У них, кроме того, был боевой опыт участия в массовых беспорядках в Киеве, в том числе с применением огнестрельного оружия. Среди групп радикалов в Одессе лишь малая часть была одесситов, в основном это были приехавшие представители «Самообороны», это были ультрас, это были те, кто вернулся из Крыма: курсанты, военные, только одетые «по гражданке». Есть подтверждающие это видеозаписи. У них уже имелся опыт.
- А что Антимайдан?
— Антимайдан на тот момент, в силу определённых причин, в силу разобщенности, не был уже таким массовым, как в начале его создания. Многие к тому времени поехали на Донбасс, так как там уже началась активная фаза противостояния.
Многие говорят, что надо было тогда что-то захватывать, какие-то здания, надо было действовать как-то более радикально… Но когда 2 мая было довольно-таки большое количество протестующих со стороны Антимайдана, когда завязались бои, то большая часть этих людей (говоривших о необходимости радикальных действий. — Ред.) просто убежали, скрылись — они не были готовы к силовому противостоянию.
Одно дело ходить на марши, устраивать митинги, а другое дело, когда доходит до реального противостояния. Тогда те люди, которые первые кричали, что надо что-то делать радикально, как мне кажется, начали разбегаться и расходиться. Человек, который действительно на что-то готов, он никогда не будет об этом кричать, а спокойно возьмёт и сделает.
- Значит, свою роль сыграли, с одной стороны, определённая разобщённость и неготовность участников Антимайдана и, с другой стороны, организованность и опыт противника?
— Да, опыт противника в силовой ликвидации очагов сопротивления. Мы не проявляли никакого радикализма по отношению к сторонникам Евромайдана, хотя мы могли это сделать неоднократно. У нас был и численный перевес, и идеологически мы были более подкованы. Но мы, одесситы, — миролюбивые люди, и мы не допускали кровопролития.
- При Порошенко по понятным причинам дело о событиях 2 мая в Одессе не расследовалось.

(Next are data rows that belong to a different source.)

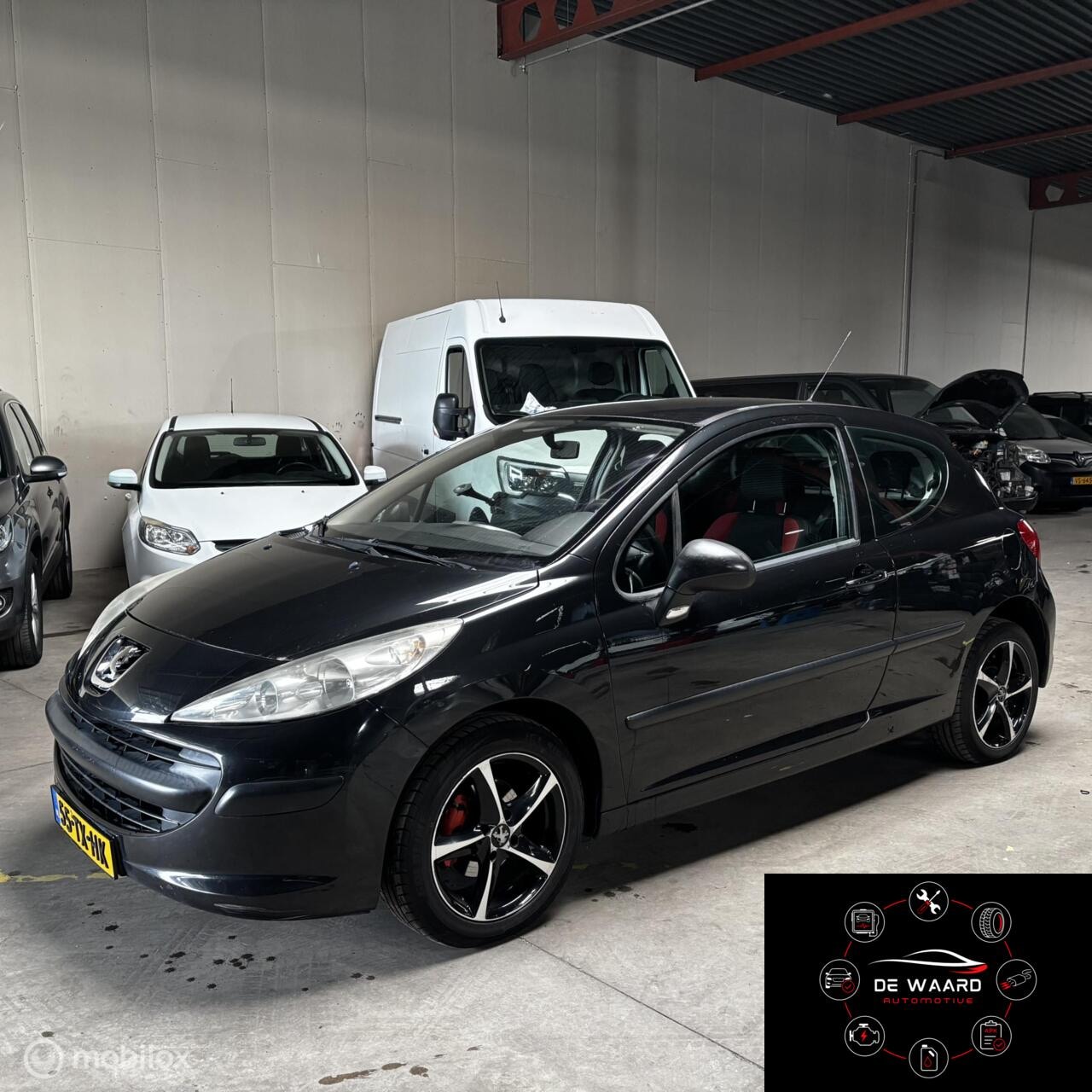 Peugeot 207 - 1.4-16V XS 1.4-16V XS - AutoWereld.nl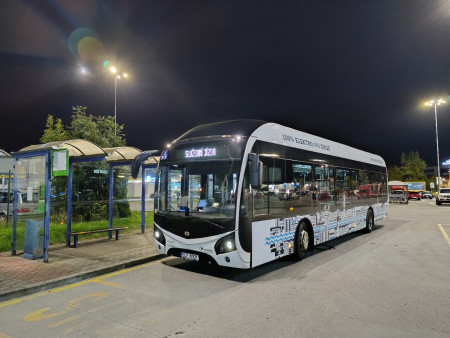 Místek, Tesco, říjen 2025, foto Otto Křivoň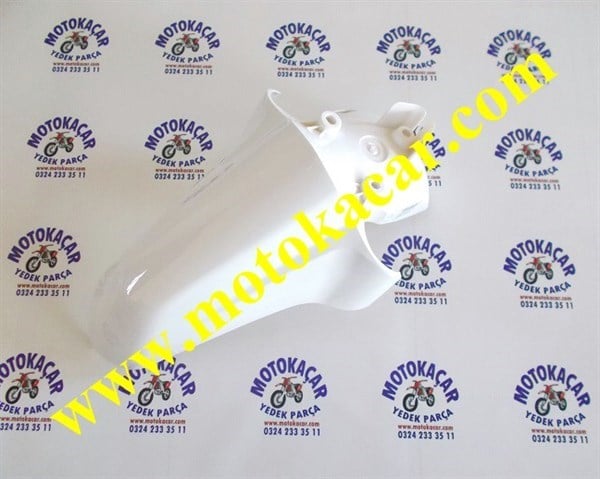 KUBA MATRIX 125 150 BEYAZ ÖN ÇAMURLUK ORJINAL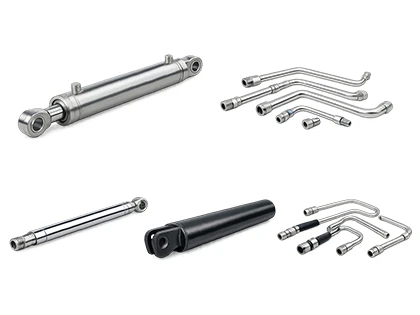 Engineering Machinery Stainless Tube Engineering Machinery Stainless Tube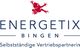 Logo von Energetix Bingen mit rotem Frosch. Text: "Selbstständige Vertriebspartnerin".
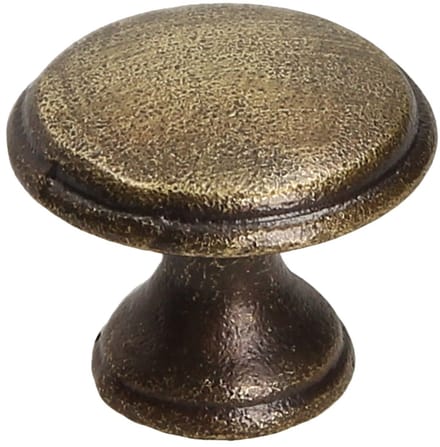 Gamet - Meubelknop - Patina op Messing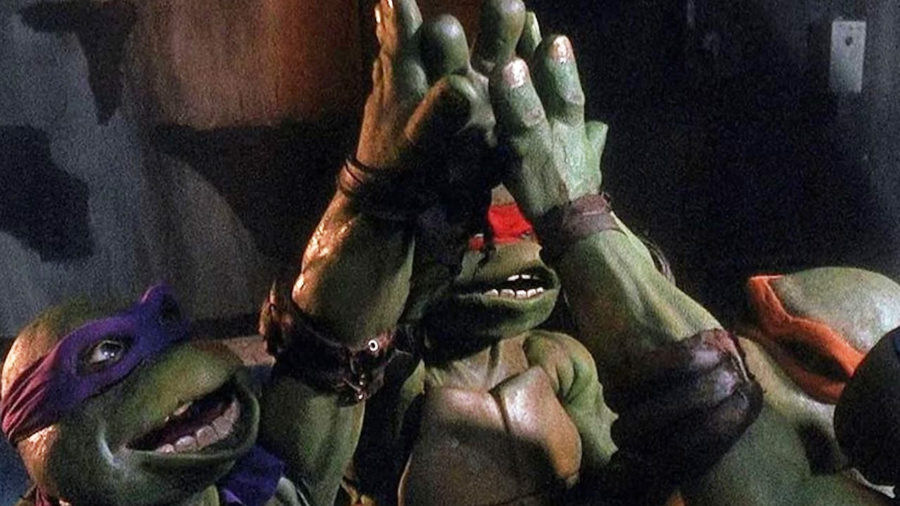 Teenage Mutant Ninja Turtles is not for kids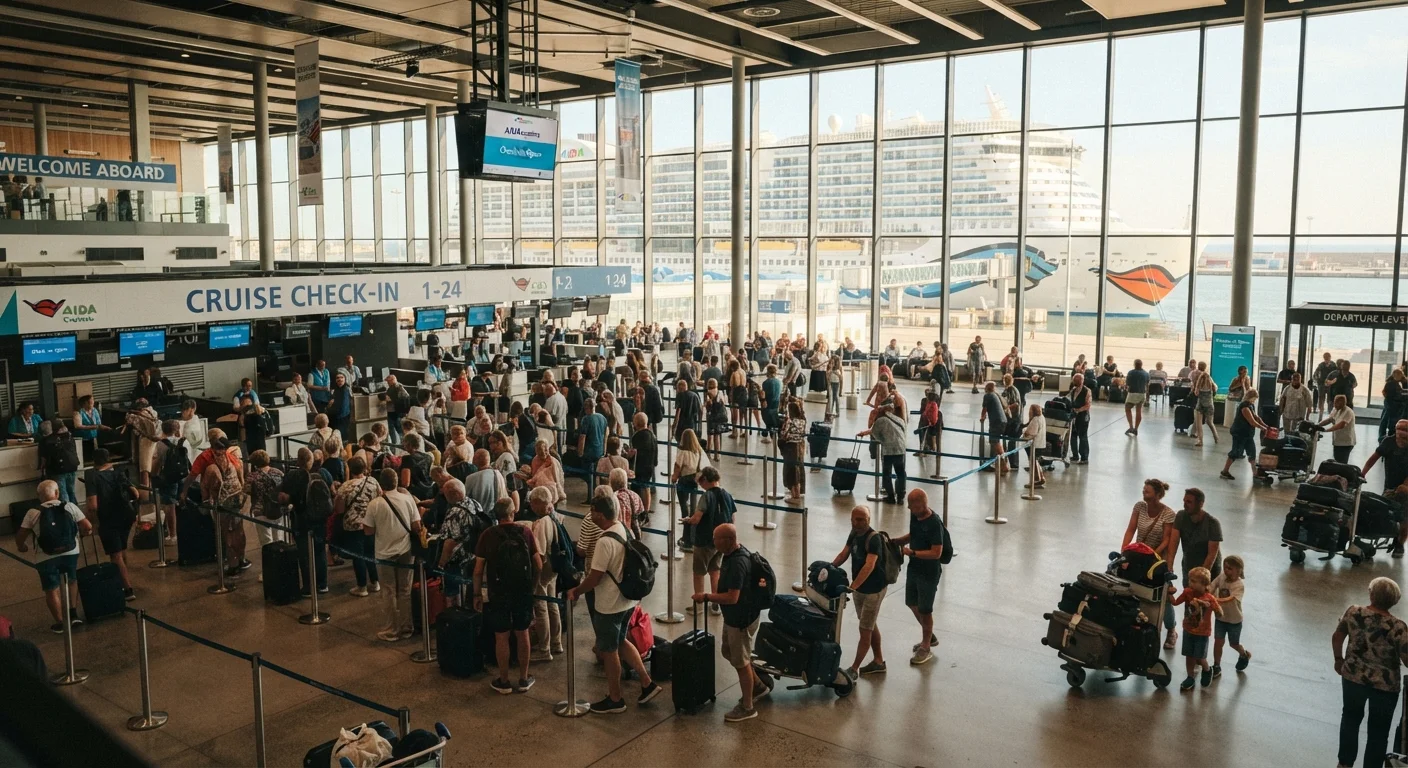 The Hidden Logistics of Cruise Embarkation Days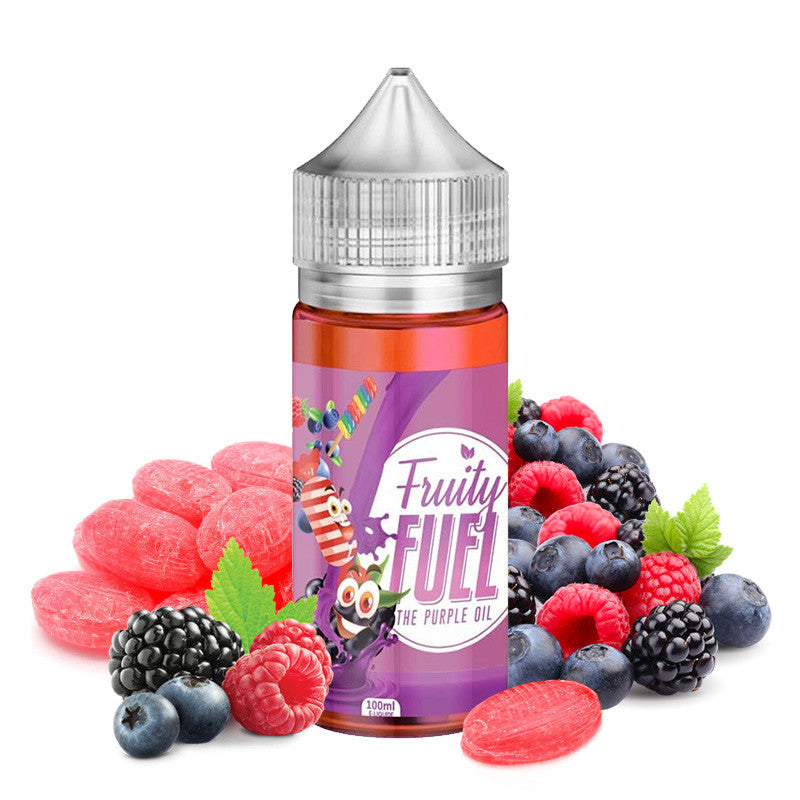 Fruity Fuel - The Purple Oil 100ml Shortfill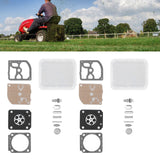 2Set RB‑40 Carburetor Carb Rebuild Repair Kit Garden Chainsaw Repair Kit for STIHL FS350 FS400 FS450 - Extra Image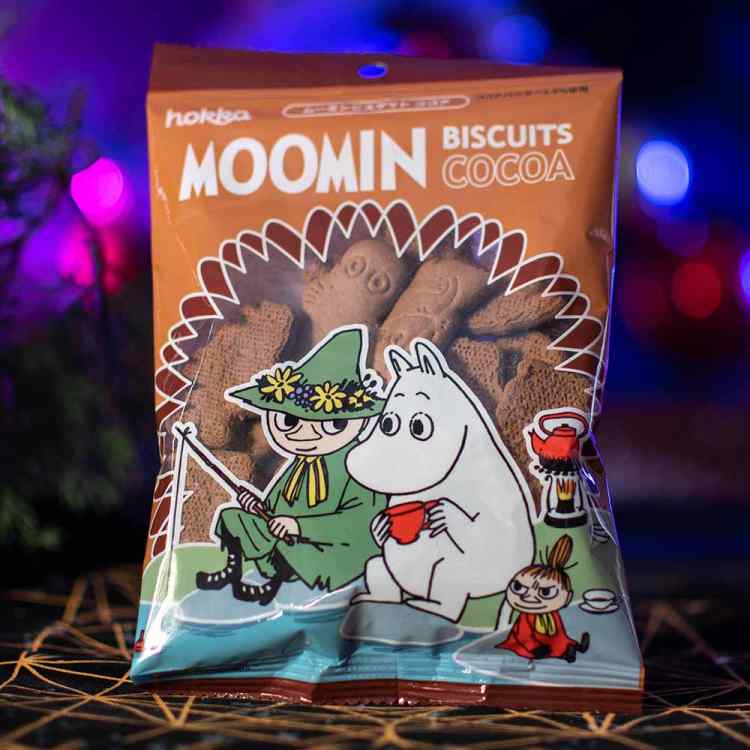 Печение Hokuriku Муми-тролль: Какао (Япония)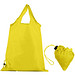 Faltbare Einkaufstasche Edge, gelb
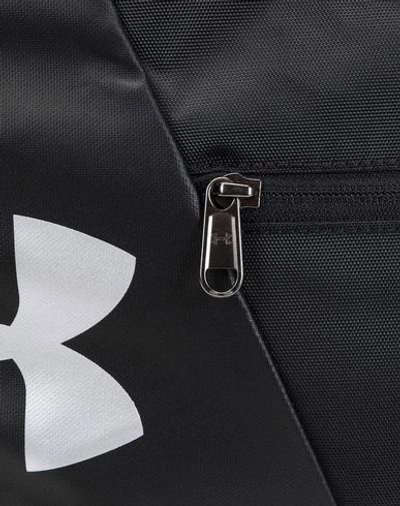 Shop Under Armour Travel Duffel Bags In Black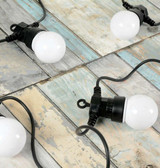 Lyyt LED 5 Metre Festoon Light Waterproof Multi-Coloured (10 Lights)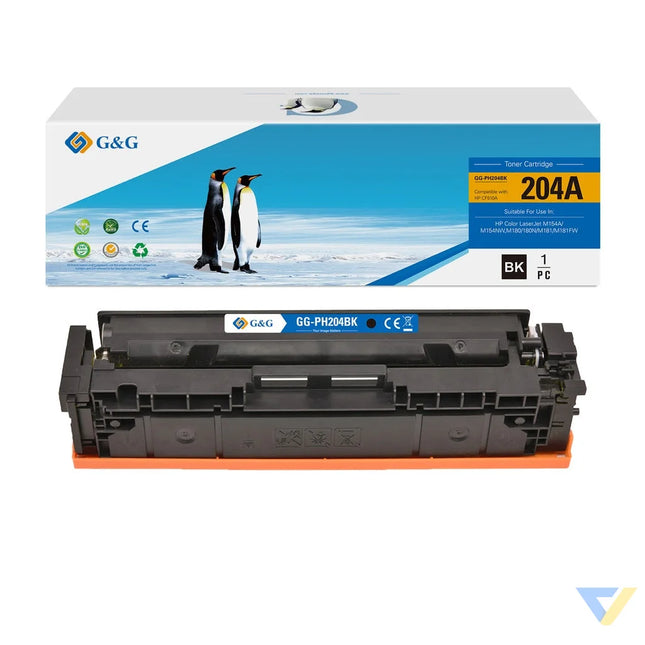 G&G Compatible HP CF510A Toner Black-0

Но вот уже более года прошло с тех пор, как власть на Украине будто бы сменилась, более года президентству Зеленского. Как вы оцениваете ход расследования теперь, что-то изменилось?
— Ничего не изменилось абсолютно. Позиция власти осталась прежней, никто из власть имущих не хочет это дело как-то шевелить, доставать его из сейфов и из ящиков столов. Мне кажется, любая власть в этом деле опасается, что при объективном расследовании она может выйти сама на себя, на приближенных. Всем это невыгодно однозначно.
Вы видите, что националистические силы на Украине до сих пор чувствуют себя очень вольготно, и не принимается властью никаких мер по уголовному преследованию самых серьёзных националистических лидеров. Вероятно, новая власть не видит в них угрозы.
- Сохраняется ли у вас надежда на то, что в конечном итоге расследование всё же будет проведено и виновные в убийствах людей понесут наказание?
— Чем больше проходит времени, тем меньше вероятность того, что это дело будет расследовано. Тем более, если учесть состояние судебной системы, которая сейчас есть на Украине, — это фактически невозможно.
Возможно, когда-то это произойдёт. А пока мы, одесские политэмигранты, пытаемся сделать всё возможное для того, чтобы увековечить память о погибших. Вы, наверное, знаете, что в Одессе власти не хотят устанавливать мемориал, всячески мешают мемориальным мероприятиям. В настоящее время невозможно это и в любом другом городе Украины.
В Донецке есть плита в память о погибших 2 мая, но хотелось бы, чтобы там был установлен памятник, не камень, не плита, а действительно настоящий памятник в честь этих людей. Они этого заслуживают. Если в Донецке это прочтут и откликнутся, мы будем благодарны. А когда-то в будущем, верим, такой памятник установят и в Одессе.